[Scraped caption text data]

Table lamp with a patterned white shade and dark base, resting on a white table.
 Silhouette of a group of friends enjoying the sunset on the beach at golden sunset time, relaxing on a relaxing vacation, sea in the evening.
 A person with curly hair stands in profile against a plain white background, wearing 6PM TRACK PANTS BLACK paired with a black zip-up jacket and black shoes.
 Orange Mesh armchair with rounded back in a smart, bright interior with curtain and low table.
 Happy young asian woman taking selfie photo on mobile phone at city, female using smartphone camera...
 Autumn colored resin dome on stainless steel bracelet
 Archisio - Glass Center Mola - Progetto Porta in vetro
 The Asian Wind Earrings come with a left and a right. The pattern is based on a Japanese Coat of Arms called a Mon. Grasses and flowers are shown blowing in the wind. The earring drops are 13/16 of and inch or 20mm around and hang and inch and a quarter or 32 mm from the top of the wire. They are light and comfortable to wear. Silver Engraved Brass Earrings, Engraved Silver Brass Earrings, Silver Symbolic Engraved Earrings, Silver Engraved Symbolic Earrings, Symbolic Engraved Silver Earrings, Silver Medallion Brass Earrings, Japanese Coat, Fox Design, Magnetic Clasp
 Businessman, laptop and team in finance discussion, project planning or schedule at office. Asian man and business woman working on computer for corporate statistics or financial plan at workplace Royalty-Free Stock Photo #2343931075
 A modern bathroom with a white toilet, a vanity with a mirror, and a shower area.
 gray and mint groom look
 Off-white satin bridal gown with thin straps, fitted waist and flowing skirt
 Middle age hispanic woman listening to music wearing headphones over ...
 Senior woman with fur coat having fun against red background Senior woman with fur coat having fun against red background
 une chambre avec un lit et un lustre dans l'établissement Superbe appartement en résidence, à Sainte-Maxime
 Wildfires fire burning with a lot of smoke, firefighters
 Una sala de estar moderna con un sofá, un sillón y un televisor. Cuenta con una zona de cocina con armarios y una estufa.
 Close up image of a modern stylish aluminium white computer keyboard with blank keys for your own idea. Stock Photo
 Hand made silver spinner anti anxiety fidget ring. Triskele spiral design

» Task to carry out
Transcribe all entries word for word.

» Response below
Table lamp with a patterned white shade and dark base, resting on a white table.
 Silhouette of a group of friends enjoying the sunset on the beach at golden sunset time, relaxing on a relaxing vacation, sea in the evening.
 A person with curly hair stands in profile against a plain white background, wearing 6PM TRACK PANTS BLACK paired with a black zip-up jacket and black shoes.
 Orange Mesh armchair with rounded back in a smart, bright interior with curtain and low table.
 Happy young asian woman taking selfie photo on mobile phone at city, female using smartphone camera...
 Autumn colored resin dome on stainless steel bracelet
 Archisio - Glass Center Mola - Progetto Porta in vetro
 The Asian Wind Earrings come with a left and a right. The pattern is based on a Japanese Coat of Arms called a Mon. Grasses and flowers are shown blowing in the wind. The earring drops are 13/16 of and inch or 20mm around and hang and inch and a quarter or 32 mm from the top of the wire. They are light and comfortable to wear. Silver Engraved Brass Earrings, Engraved Silver Brass Earrings, Silver Symbolic Engraved Earrings, Silver Engraved Symbolic Earrings, Symbolic Engraved Silver Earrings, Silver Medallion Brass Earrings, Japanese Coat, Fox Design, Magnetic Clasp
 Businessman, laptop and team in finance discussion, project planning or schedule at office. Asian man and business woman working on computer for corporate statistics or financial plan at workplace Royalty-Free Stock Photo #2343931075
 A modern bathroom with a white toilet, a vanity with a mirror, and a shower area.
 gray and mint groom look
 Off-white satin bridal gown with thin straps, fitted waist and flowing skirt
 Middle age hispanic woman listening to music wearing headphones over ...
 Senior woman with fur coat having fun against red background Senior woman with fur coat having fun against red background
 une chambre avec un lit et un lustre dans l'établissement Superbe appartement en résidence, à Sainte-Maxime
 Wildfires fire burning with a lot of smoke, firefighters
 Una sala de estar moderna con un sofá, un sillón y un televisor. Cuenta con una zona de cocina con armarios y una estufa.
 Close up image of a modern stylish aluminium white computer keyboard with blank keys for your own idea. Stock Photo
 Hand made silver spinner anti anxiety fidget ring. Triskele spiral design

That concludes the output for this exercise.